START Available data
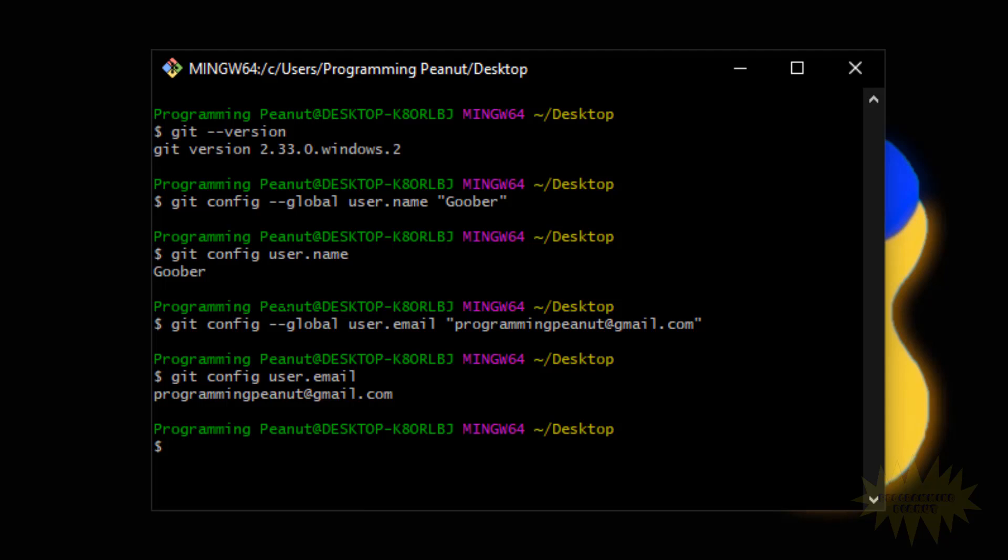Now the reason we're setting up the name and email is because every time we create a commit, it's gonna have our name and email tied to it. This is good because that way other developers, other people are gonna know who created the changes.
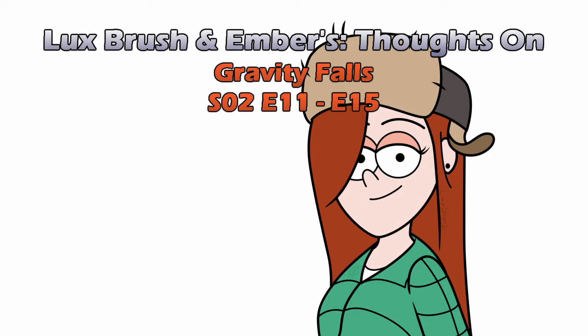Hope you've enjoyed our thoughts on Gravity Falls Season 2, Episodes 11 through 15. Thank you for listening. If you've enjoyed this, check out the other Gravity Falls videos if you haven't already. Like, subscribe, leave a comment.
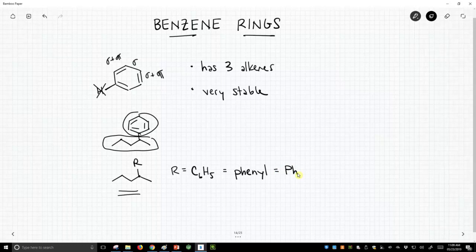And it's capital P, lowercase h. That's different from pH in terms of acidity. And that's also not a phosphorus. That's capital P, lowercase h. That is how we write shorthand a benzene ring as an R-group in a molecule.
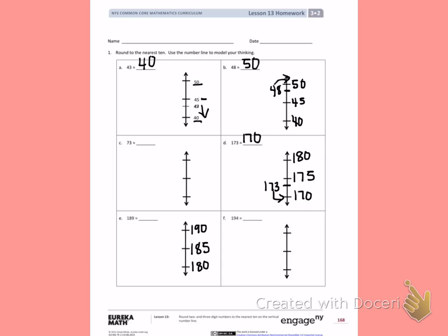For the next one, I have 194. Still counting by 10s, so I have 190, and 10 more than that is 200. My halfway number is 195. Place 194 on the number line and decide if you'll round down to 190 or up to 200.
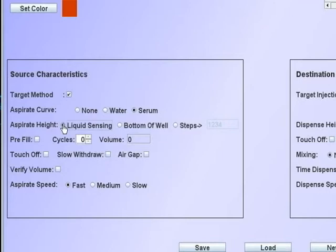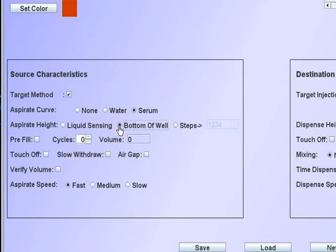Liquid level sensing should not be used when aspirating from a microplate well. It will not be effective. Checking the bottom of the well will aspirate from the bottom of the well as defined by the plate database. That specific plate must be defined on the deck layout for that position.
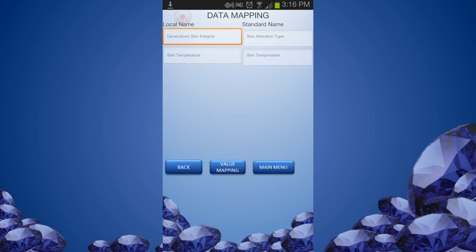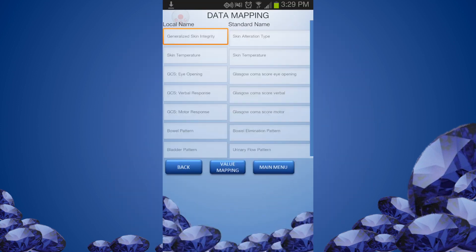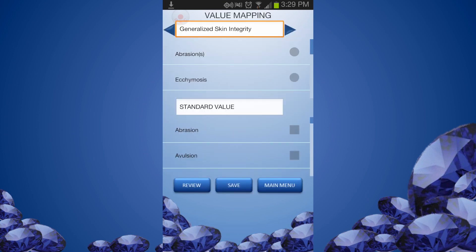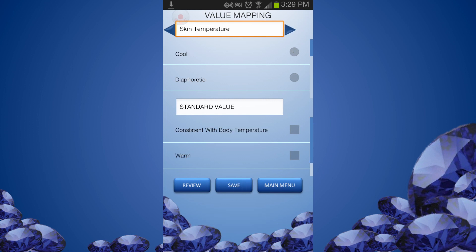You can move to the Value Mapping by clicking the Value Mapping button. The value mapping is done in the same way as the Name Mapping. You can go to the next value using the scroll arrow. When you complete one item, you can go to the next item using the scroll arrow next to the item name.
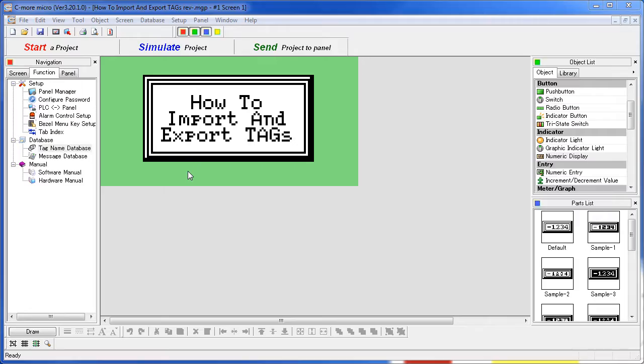Entering tags one at a time via the tag name database isn't too bad, but if you have hundreds, it can get real tedious real quick, especially if you simply want to borrow a bunch of tags from another project. Importing and exporting can be a real time saver.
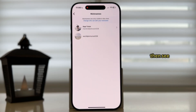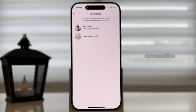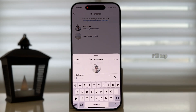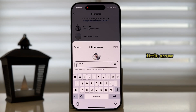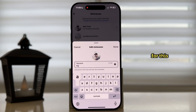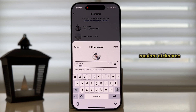You will then see both of the profiles which are in this conversation. Let's say I want to change the nickname of my friend — I'll tap on the little arrow next to the name, and you'll get a menu where you can set the nickname for this person. I'm going to add a random nickname for the purpose of this tutorial and then tap Done.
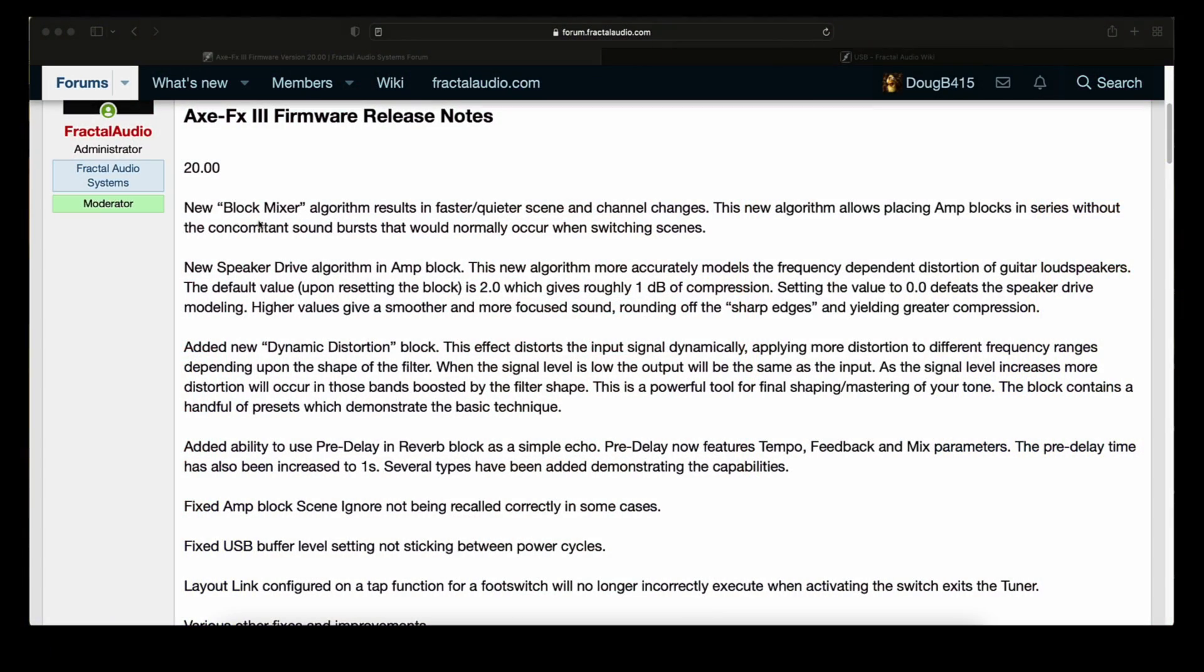Alright, we already talked about the new block mixer algorithm, the new speaker drive algorithm, the new dynamic distortion block, and the fixed amp block scene ignore not being recalled correctly in some cases. So let's see what else has been added.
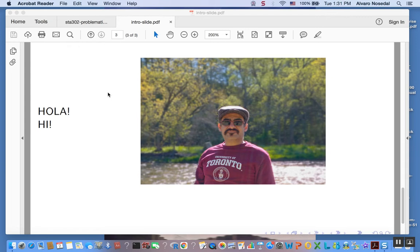Hola! Hi! This is Al, your statistics instructor. Let's get to work! In this video we will talk about residuals, different kinds of residuals, and how we can find them using R.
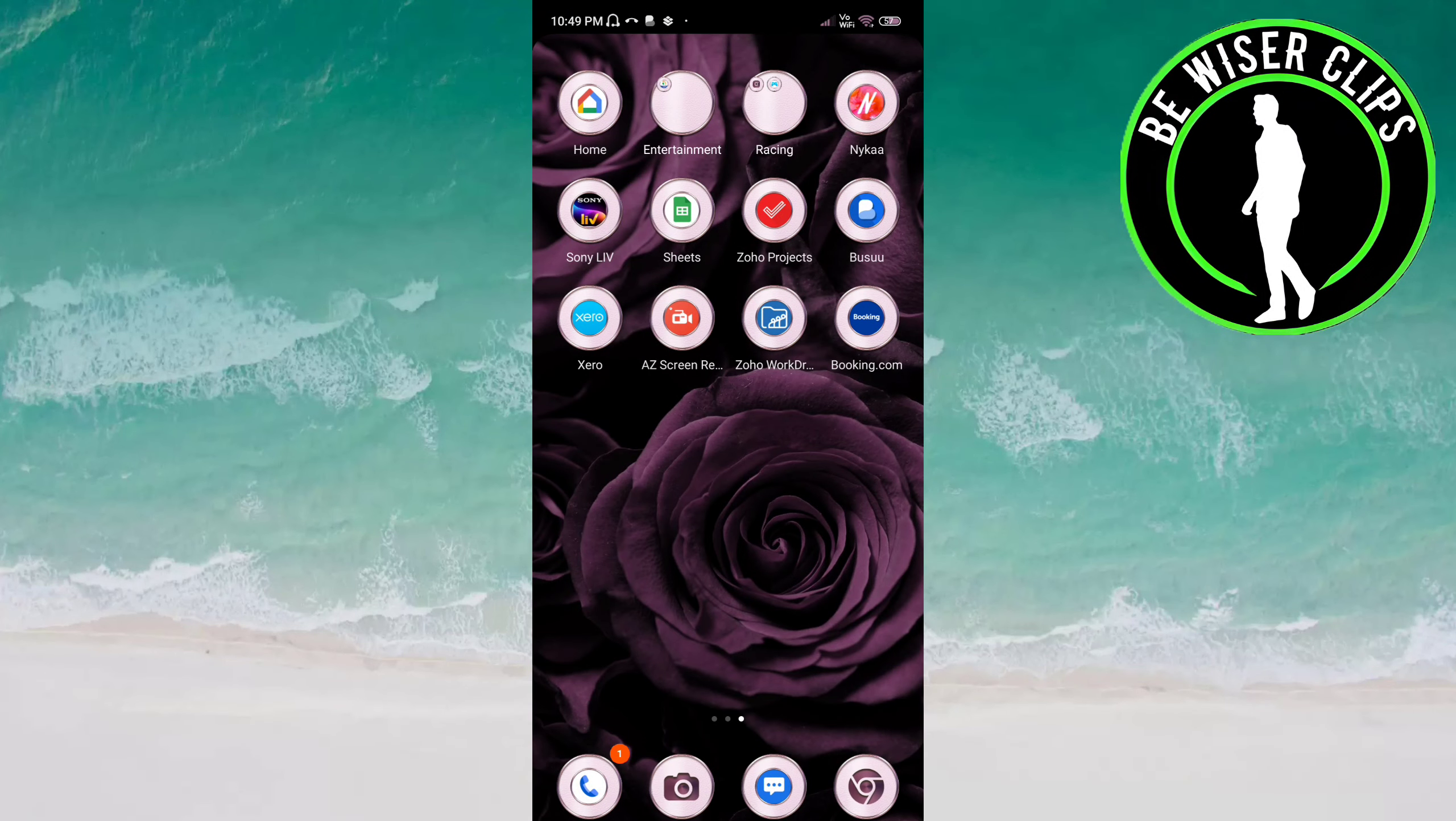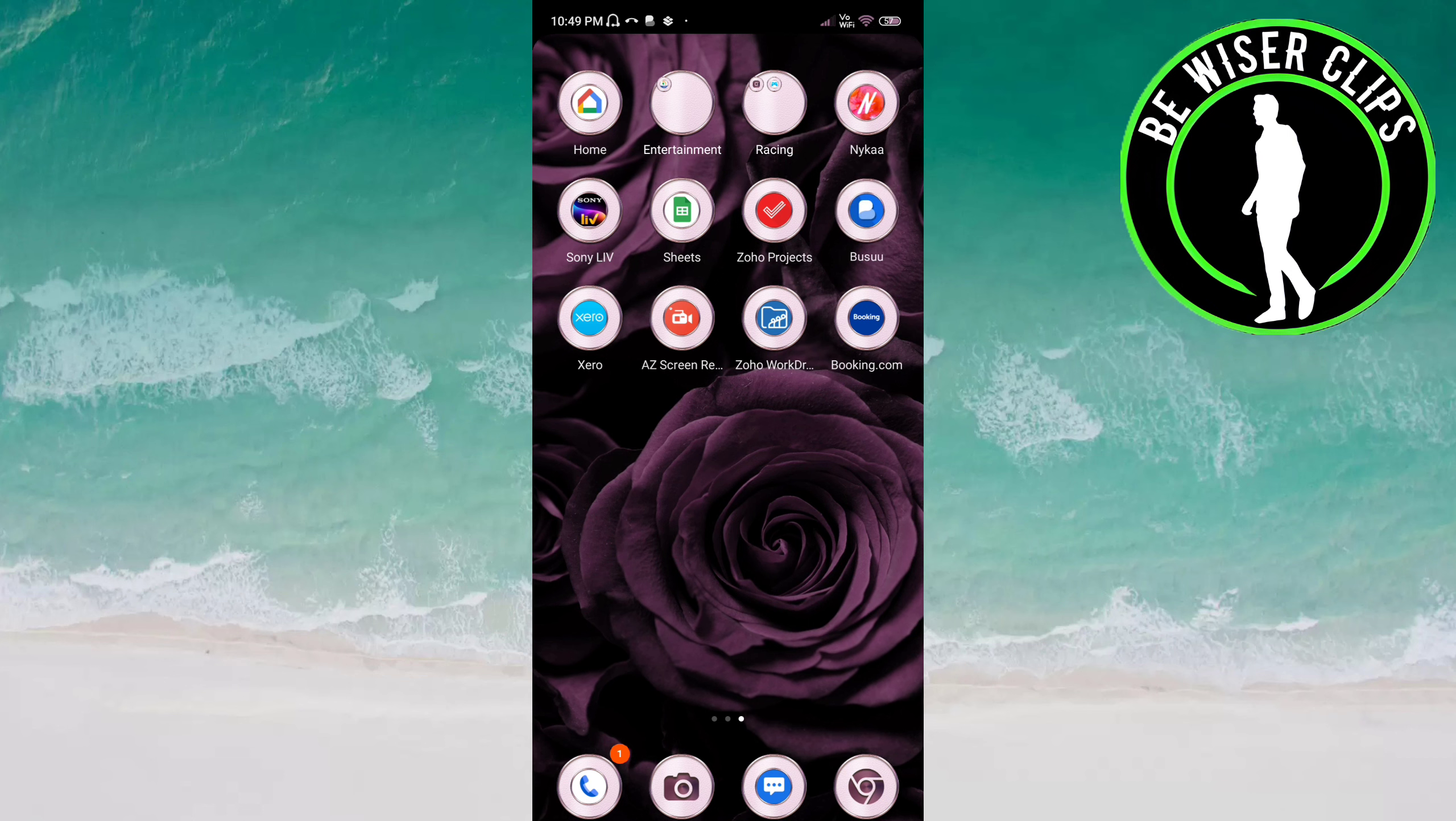Hey guys, welcome back again. I hope you all are doing good. In this video we will learn how we can get notified about friend requests on the Busu app. Let's get started. Open the Busu app.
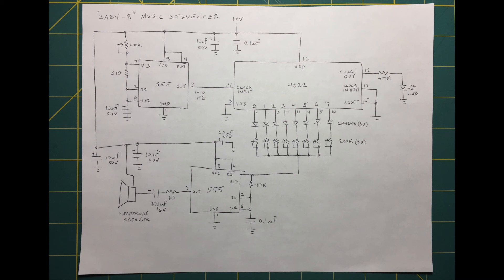We can vary the speed of the sequence by adjusting the trim pot on the second 555. I will leave you now with a short demonstration and, as always, thank you for watching.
END Available data
In the copy, keep every line of the data above exactly and drop each picture.

Reply ->
Now the reason we're setting up the name and email is because every time we create a commit, it's gonna have our name and email tied to it. This is good because that way other developers, other people are gonna know who created the changes.
Hope you've enjoyed our thoughts on Gravity Falls Season 2, Episodes 11 through 15. Thank you for listening. If you've enjoyed this, check out the other Gravity Falls videos if you haven't already. Like, subscribe, leave a comment.
And it's capital P, lowercase h. That's different from pH in terms of acidity. And that's also not a phosphorus. That's capital P, lowercase h. That is how we write shorthand a benzene ring as an R-group in a molecule.
For the next one, I have 194. Still counting by 10s, so I have 190, and 10 more than that is 200. My halfway number is 195. Place 194 on the number line and decide if you'll round down to 190 or up to 200.
Liquid level sensing should not be used when aspirating from a microplate well. It will not be effective. Checking the bottom of the well will aspirate from the bottom of the well as defined by the plate database. That specific plate must be defined on the deck layout for that position.
You can move to the Value Mapping by clicking the Value Mapping button. The value mapping is done in the same way as the Name Mapping. You can go to the next value using the scroll arrow. When you complete one item, you can go to the next item using the scroll arrow next to the item name.
Entering tags one at a time via the tag name database isn't too bad, but if you have hundreds, it can get real tedious real quick, especially if you simply want to borrow a bunch of tags from another project. Importing and exporting can be a real time saver.
You will then see both of the profiles which are in this conversation. Let's say I want to change the nickname of my friend — I'll tap on the little arrow next to the name, and you'll get a menu where you can set the nickname for this person. I'm going to add a random nickname for the purpose of this tutorial and then tap Done.
Alright, we already talked about the new block mixer algorithm, the new speaker drive algorithm, the new dynamic distortion block, and the fixed amp block scene ignore not being recalled correctly in some cases. So let's see what else has been added.
Hola! Hi! This is Al, your statistics instructor. Let's get to work! In this video we will talk about residuals, different kinds of residuals, and how we can find them using R.
Hey guys, welcome back again. I hope you all are doing good. In this video we will learn how we can get notified about friend requests on the Busu app. Let's get started. Open the Busu app.
We can vary the speed of the sequence by adjusting the trim pot on the second 555. I will leave you now with a short demonstration and, as always, thank you for watching.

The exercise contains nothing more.